(Raw data Opens)

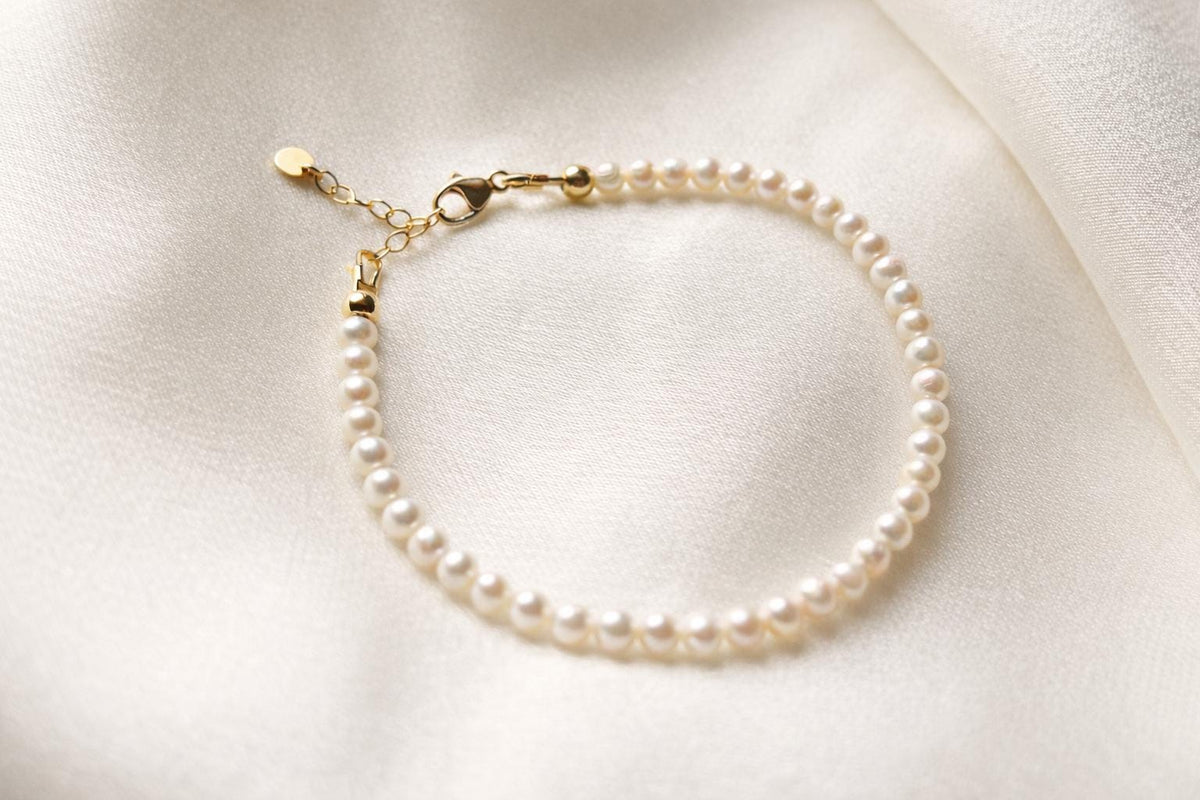 Mia, Süsswasserperlen-Armband – handgefertigter Perlenschmuck von BABUSKINA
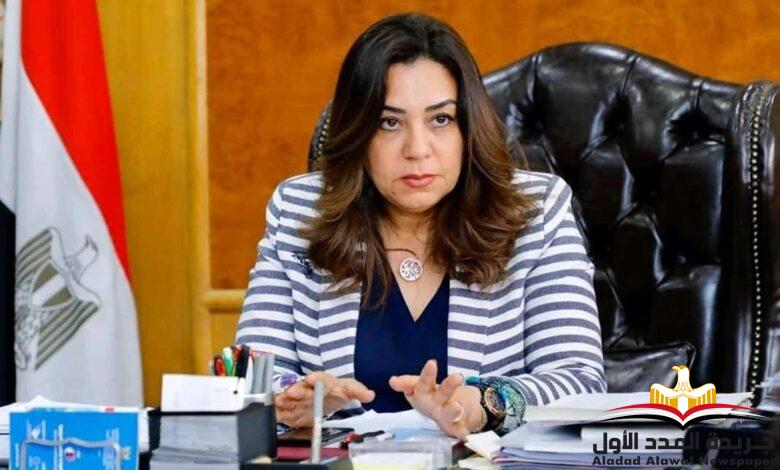 مديره الاداره الهندسية السابقة اوقفت رخصتي مجامله لاحد اقاربها بعزبة البرج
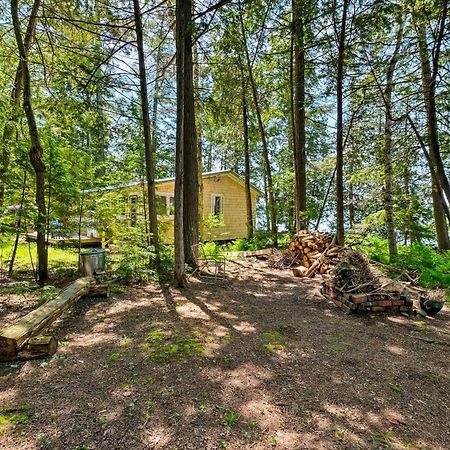 Cozy Lakefront Madison Cabin With Dock And Kayaks Vila Exterior foto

(Raw data Closes)

Brief: Each line from the one that contains "مديره الاداره الهندسية" to the end of the listing must be quoted exactly; no other line and no picture belongs in the copy.

Response area:
 مديره الاداره الهندسية السابقة اوقفت رخصتي مجامله لاحد اقاربها بعزبة البرج
 Cozy Lakefront Madison Cabin With Dock And Kayaks Vila Exterior foto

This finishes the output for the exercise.